I then decide to ask for some help on a forum, I found this one and started to follow the procedure in the READ & RUN ME FIRST sticky before creating a new thread, and I followed all of the steps I was able to follow before posting this thread.

So essentially what I have is a very nasty infection that is either spoofing other infections or actually installing these other trojans and worms on my computer; which is able to disable anti-virus software I download even when I've disabled every single non-essential process (including explorer); and which for some reason or another, is constantly running the iexplore.exe process but not actually opening any IE windows.

I would greatly appreciate any help that any of you can offer, and I thank you deeply for offering your time to help me.

 

Hijack this log

 

I'm in the process of doing everything you've stated, including even removing the poker software, and I will post an update along with the information you requested when I am finished.
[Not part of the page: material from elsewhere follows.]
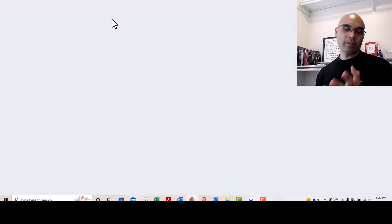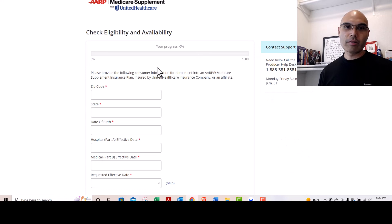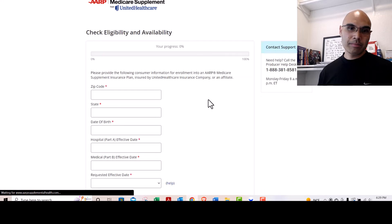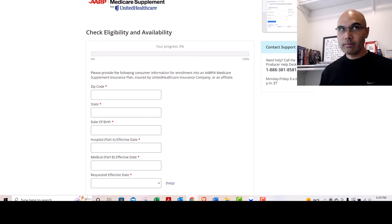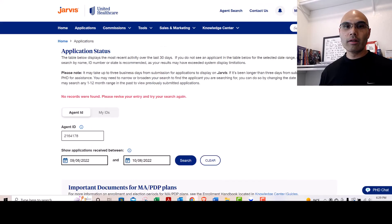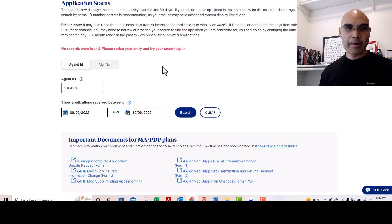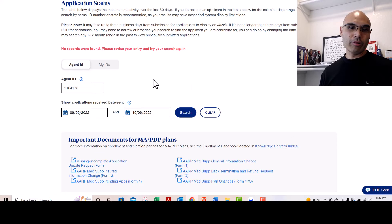This takes you to the UnitedHealthcare MedSupp application. So if you are looking for your Medicare Supplement application status, that would show up in here once you had one, and then the MAPD ones would show up in here as well.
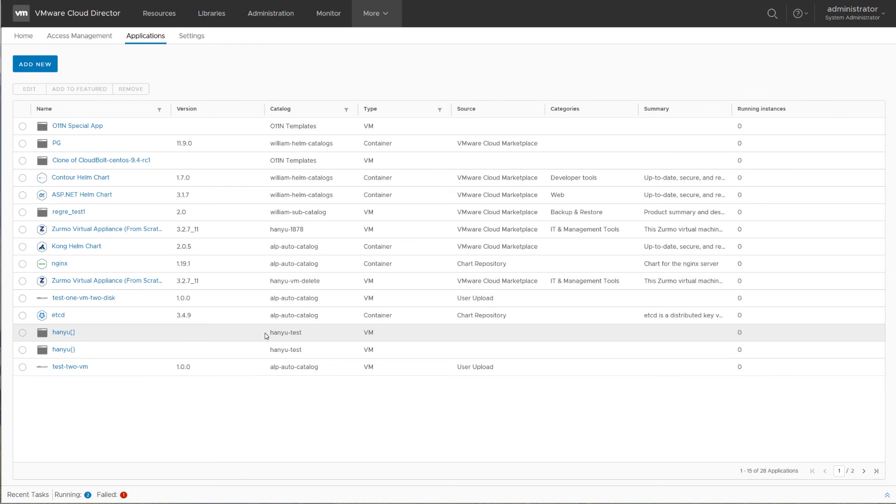This concludes the demo of App Launchpad for VMware Cloud Director, which allows you as a service provider to publish an application catalog to your tenant users into the tenant portal of Cloud Director.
However, I have to tell you that I am 100% certain that this infection is not a result of Pokerstars, Pokerstove or Pokeroffice. Pokerstars is a highly reputable card room that would have way too much to lose by offering infected software and Pokerstove and Pokeroffice are used by so many people, none of whom have ever complained about malware caused by them that I am absolutely certain they are safe to use. I do know where the virus originated and it had absolutely nothing to do with poker.

I don't know why you see the word Poker and immediately assume that it must be bad, but I can assure you that those programs are not at all malicious.

 

I've finished everything that you've asked me to do (including removing the poker software even though I know it is safe), and here are the log files:

 

And here's the combofix file

 

I know this problem was close to being solved anyway, but my computer was a mess and I wanted to be 100% sure it was clean, so I just decided to reformat the partition. Just wanted to let you know. I've got some questions about organizing my partitions (Their letters got all messed up when I installed windows) but I'm sure there's another forum for that, so I'll ask there. Thank you very much for your help.